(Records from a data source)

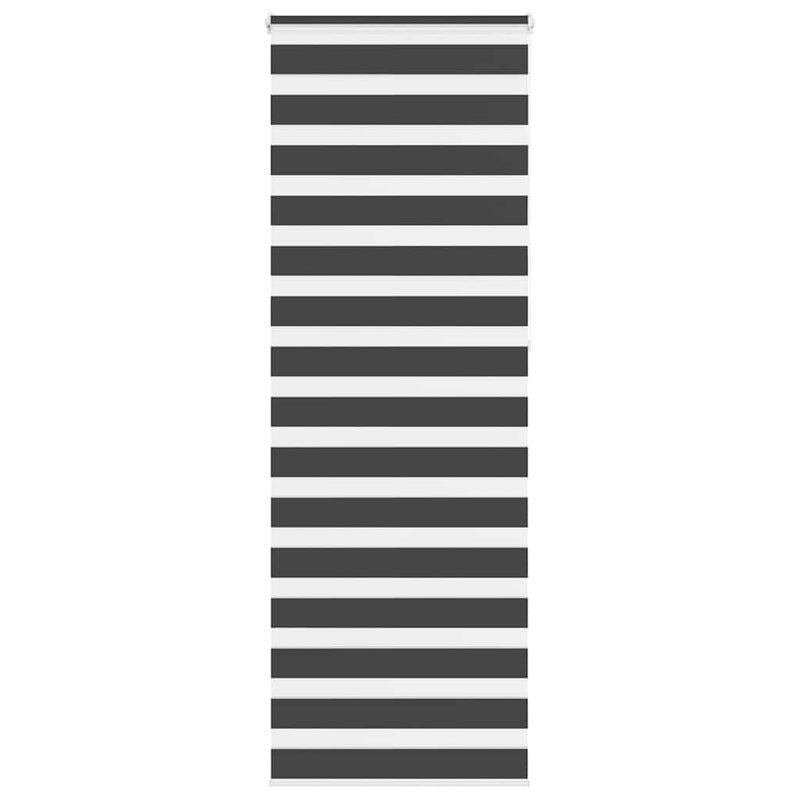 Roleta zebra, czarna, szerokość tkaniny 70,9 cm, poliester vidaXL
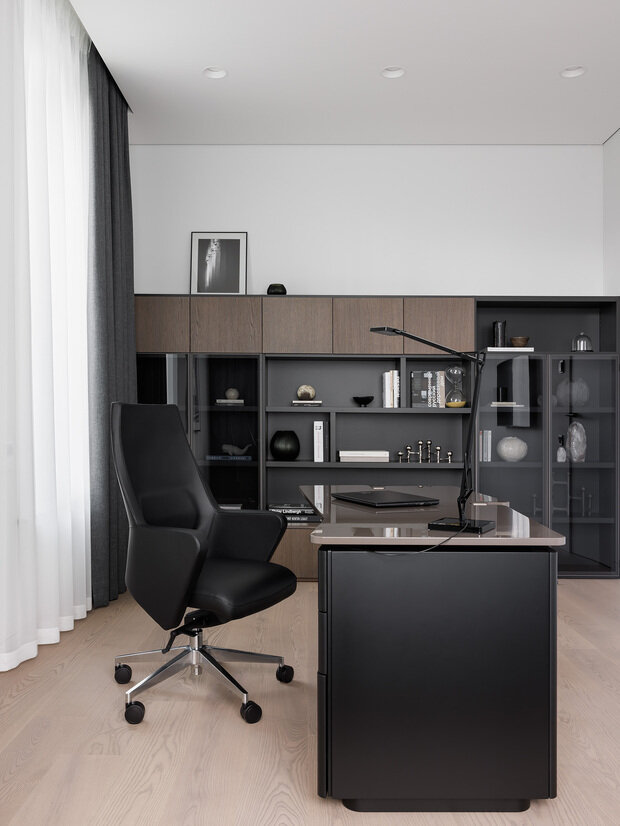 Фотография: Кабинет в стиле Современный, Минимализм, Дом, Проект дня, Санкт-Петербург, Дом и дача, Ленинградская область, 4 и больше, Более 90 метров, Юлия Скачкова – фото на INMYROOM
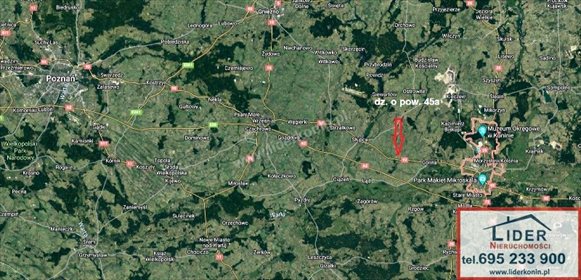 Sprzedam działkę inwestycyjną 45a przy DK 92 w Wilcznej działka Wilczna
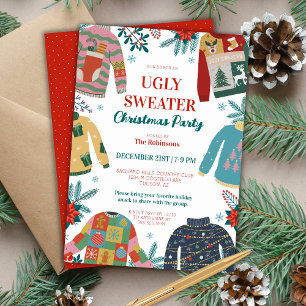 Amusant Non Religieux Fête Invitation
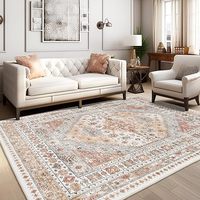Tapis lavables antidérapants résistants aux taches Vintage grands tapis salon grand pour la décoration intérieure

§ **To do**
Every line of the data should be copied as it stands, without the images.

§ **Exercise response**
 Roleta zebra, czarna, szerokość tkaniny 70,9 cm, poliester vidaXL
 Фотография: Кабинет в стиле Современный, Минимализм, Дом, Проект дня, Санкт-Петербург, Дом и дача, Ленинградская область, 4 и больше, Более 90 метров, Юлия Скачкова – фото на INMYROOM
 Sprzedam działkę inwestycyjną 45a przy DK 92 w Wilcznej działka Wilczna
 Amusant Non Religieux Fête Invitation
Tapis lavables antidérapants résistants aux taches Vintage grands tapis salon grand pour la décoration intérieure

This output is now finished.